In the US, for instance, there are many more girls taking the tests for university admission than there are boys. This affects both the average score and the distribution of the score.
It's not impossible that the larger female sample contains a higher percentage of girls who are going to score lower than the smaller male sample, if the 'extra girls' are created by more girls than boys not doing as well at school deciding to take the test as job opportunities for women without university education are not as good as job opportunities for men without university education.
I would like to see studies based on random sampling in this field so that we could control for the sample size and self-selection problems.
On the second point: Guessing in true-false and multiple-choice questions can increase the proportion of those who score in extreme ends of the distribution, depending on the way correct and false answers are scored, including not choosing an answer at all. Boys and men are more likely to treat the test as a game and more likely to guess than girls and women who are more likely to not answer a question they are unsure of.
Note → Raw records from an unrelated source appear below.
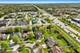 2820 Fairhauser, Naperville, IL 60564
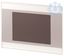 панель оператора , 24 В, 10,4' TFT, цветная Ethernet, RS232 Profibus, (PLC), XVS-430-10MPI-1-10' - 139972 EATON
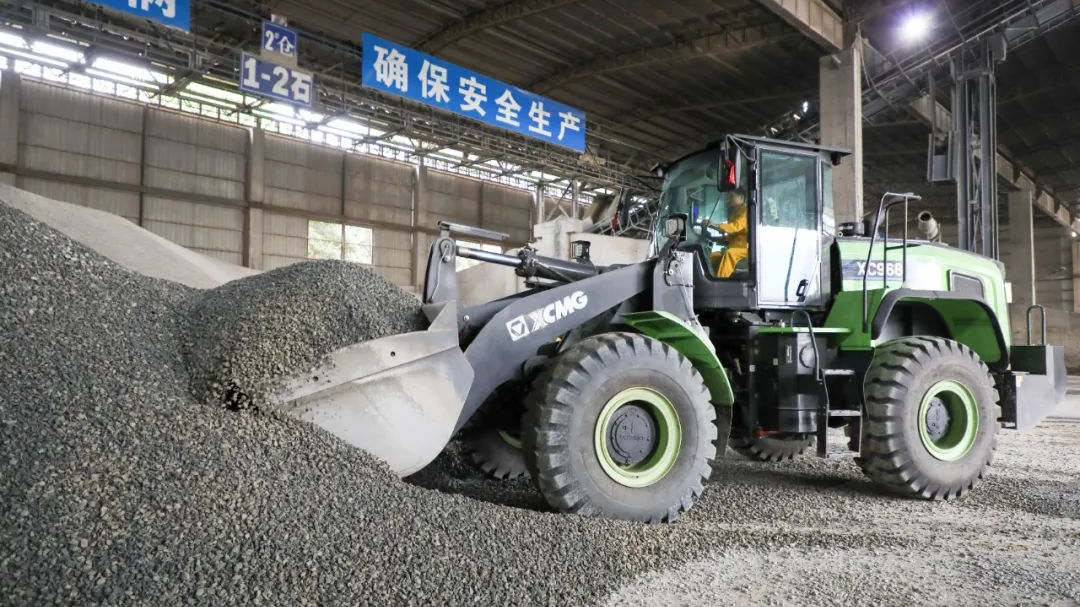 pp电子·(中国)官方网站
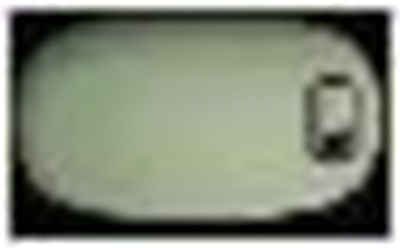 Image Of Digital Dose Display Battery (Opticlik Battery)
This is unlikely to cause tremendous differences, but it will have some effects, especially in true-false type tests.
On the third point: In the US there are more boys than girls who score in the top one percent for the mathematics SAT test, but over time the difference in that is getting smaller. So whatever the causes of that difference, at least some appear to be changing.
Could be differences in practice, given that boys' traditional games and play tend to strengthen things like three-dimensional mental rotation while girls' traditional games and play tend to strengthen linguistic talents etc.
Interestingly enough, in the verbal/linguistic SAT tests (and essay writing tests) the extreme upper one percentage contains more girls than boys.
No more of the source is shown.